Ira Victor, a digital forensic analyst at DiscoveryTechnician.com, said the Nevada Department of Employment, Training and Rehabilitation's new mandate that business must send information such as employees' salaries and social security numbers via the DETR website -- could create more risks then sending them through the U.S. mail.
Victor said the Department of Employment, Training and Rehabilitation (DETR) should have done a "risk assessment" of the new policy before putting it in force.
"Businesses have a lot of risks," Victor said. "Employers are very concerned about their privacy. The citizens of Nevada, both the employees and the businesses, should be able to make the decision of whether they feel safe with their systems connecting with the state, or whether they feel the risk is too high, the liability is too high and instead, want to keep printing out the form and mailing the information to DETR."
Internet connections require a two-way connection -- between the businesses and the state -- but the state seems only concerned about the security on their side, leaving business vulnerable, Victor said.
"An internet connection is two ways. Like a FAX, right? There is a sender of a FAX and a receiver of a FAX. There is a sender of an e-mail and a receiver of an e-mail," he said. "To only look at the receiver's side, is actually, from a security perspective, negligent. You need to look at the complete connection and there should be a risk assessment made from the entire transaction. And the state, basically, has not looked at that.
"Before this ruling was changed, the history has been that business can either go online if they feel the data can be safely sent online to the state or they can print out a form and mail it in to DETR," Victor said.
State officials don't realize the vulnerabilities of their new mandate, Victor said. He suggested the 2019 Legislature look into the issue.
"This potentially affects every single employee and business in Nevada," he said. "I think we should take a step back, do a bigger picture risk assessment and in the meantime, let's keep the status quo."
Sending the sensitive information through the mail is safer than sending through the DETR website unless cyber-criminals mug the person who is taking it at the DETR office, Victor joked.
"If you did a risk assessment, it might turn out that it is safer to fill out that form and mail it in," he said.
DETR officials said they are confident of the security of the business information once it is entered into their data storage units. Victor, however, said he is not impressed with Nevada's state government's system of cyber-security.
"In addiction (intervention), the first step is to recognize you have a problem," Victor said. "I don't think they (state officials) have got to the first step yet. They are still at the stage where they say, 'We take security very seriously... but they need to get to that first step of recognizing a problem and then we can start to tackle it.
"Victor said he recently attended a DETR hearing on the issue and that he offered his help in doing a complete risk assessments on the issue. So far, he has been ignored.

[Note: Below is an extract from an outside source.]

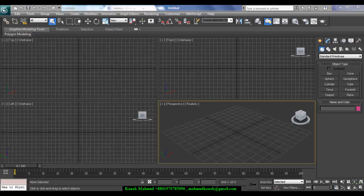Hello everyone, this is Konok Mahmood. I'm with another new tutorial for you and today I'm going to show you how to set your gamma right. If you are using Max with V-Ray, then this tutorial is for you.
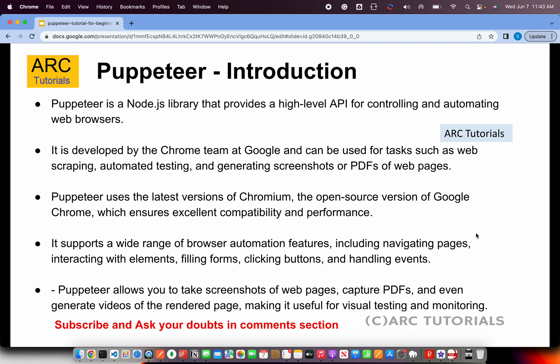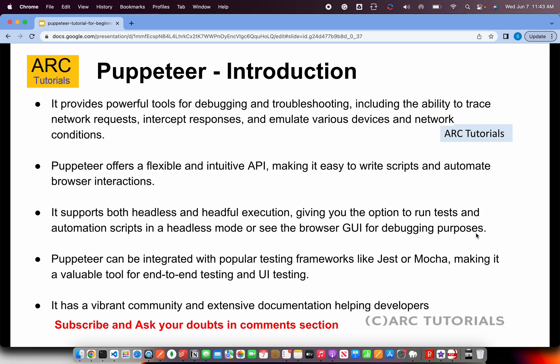Puppeteer is developed by the Chrome team at Google. It uses the latest versions of Chromium, which is the open-source version of Google Chrome. It supports a wide range of browser automation features like navigating pages, interacting with elements, form filling, clicking buttons, handling events, and much more. We can also use Puppeteer to take screenshots, capture PDFs, and even generate videos of rendered pages. It is used for visual testing and monitoring, and is really powerful for debugging and troubleshooting, tracing network requests, HTTP interceptors, and much more.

"The senior (DETR) officials after the hearing said, 'We have limited budget and resources, we can't do that.' (I said), ' Well then, ask for help.'
"After the hearing, I spoke with one of the legal staff members at DETR and they said, 'We'll take this under advisement but Ira, if we need some help on what this risk assessment would look like, would you help? I said 'Yes, lets do it.'
"They have not followed up," Victor said. "They didn't take advantage of that opportunity."